This deal lasts for two years – 23–24 and 24–25. From Sep 2025, technically, the 3% is unfunded, though that’s into the next Spending Review period, and it’s implausible that any government (and this is after the election) doesn’t pick up that tab, at least in part, because it’s all part of what (more wonkery) then becomes the “baseline” of school costs.

5 quick reflections on what today’s deal means:

A good deal for teachers. First and foremost, this is the highest pay award for 30 years for teachers. They’ve lost the £1000 they were promised for 22–23 if they’d have taken the 4.5%, but overall they’re much better off (because the higher pay gets paid every year, as opposed to a one off sum)

…and a pretty good deal for schools. Schools are assumed to be able to cover 3.5% of this bill – down from 4% in March. Some will still struggle, especially smaller ones, but that figure has been floating around for a while now and hopefully it has percolated into SLT and Governor budget setting processes so it shouldn’t be a shock. There’s a small but welcome announcement of £40m hardship for schools in the toughest situations (though I’d want to see the details on what schools need to do and promise in order to access that – these generous offers are often less than they first appear, to avoid the moral hazard of schools being incentivised to run their finances badly). A multi year deal of this top up means that when the STRB makes a recommendation for 2024, schools oughtn’t be left hanging this time next year to know both what their paybill costs will be, and what their revenue is to pay for it, for Sep 2024.

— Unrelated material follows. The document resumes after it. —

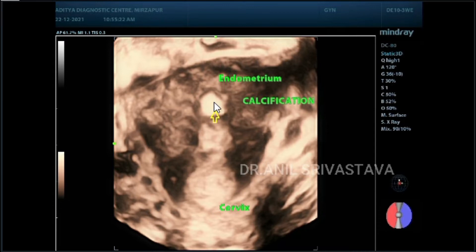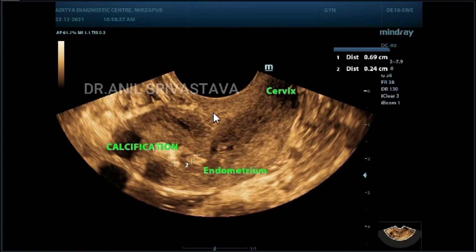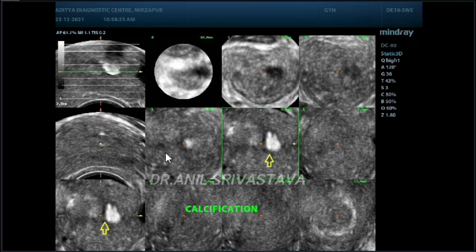You see here, this is calcification. You can see this is the cervix and this is endometrial calcification. This acts as an IUCD.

Strikes….work? It’s hard to avoid the conclusion that absent the unprecedented action by all school unions, we wouldn’t have got to this position. In particular, I suspect ASCL and NAHT rowing in behind NEU increased the pressure for a deal. Will this lead to a resurgence of strikes later down the line? A lot of that will depend on judgements as to how close ASCL in particular would have got to their ballot threshold, and whether that could be once again mobilised in future strikes. But chalk one up for collective action, here.

DfE will be pleased. Obviously, first and foremost, because the strikes are off. The joint statement, and immediate confirmation that the strikes were off, is also a hell of a thing to have got – with some pretty good wording from DfE’s perspective that the unions signed up to. I imagine that took an awful lot of negotiating. DfE will also be pleased that they have shown the sector that they recognise their concerns, and were able to do a deal at governnent level with No10 and HMT. The content of the deal is also better than it could have been, in that DfE is funding 3%, not the full 6.5% – and is doing so via underspends rather than any front line service cuts (a promise which has been made and which the unions accept). My guess is, as above, that it’s funded from NTP underspend. And DfE will also be pleased they don’t have to this all again next year. So win win win, really, for schools, teachers and govt.

What happens in the future? Not all is rosy. Funding recurrent expenditure through one off reallocations of underspend is terrible, terrible financial management. And that’s not just for schools. The NHS deal is apparently funded in part through increases in visa fees and health surcharges. This is silly – the equivalent of digging around the sofa for some spare coins to pay a gas bill. It’s also silly because of course it’s not funded that way because that’s not how government funding works. But it shows the silliness of needing to find plausible amounts which can make it seem funded. The truth is that the next spending review – covering financial years 25/26, 26/27, and 27/28 – now has a series of additional cost pressures in them which are technically unfunded. The DfE 3% is £900m a year. That has to now be found by DfE and HMT in the next SR. It’s not a stupid amount of money that breaks the bank, but neither is it a rounding error. And it’s not a million miles off the total sum which Labour thinks it can raise through VAT on private school fees.

So a good day for everyone today. But a lot of harder decisions punted to the other side of the election – again.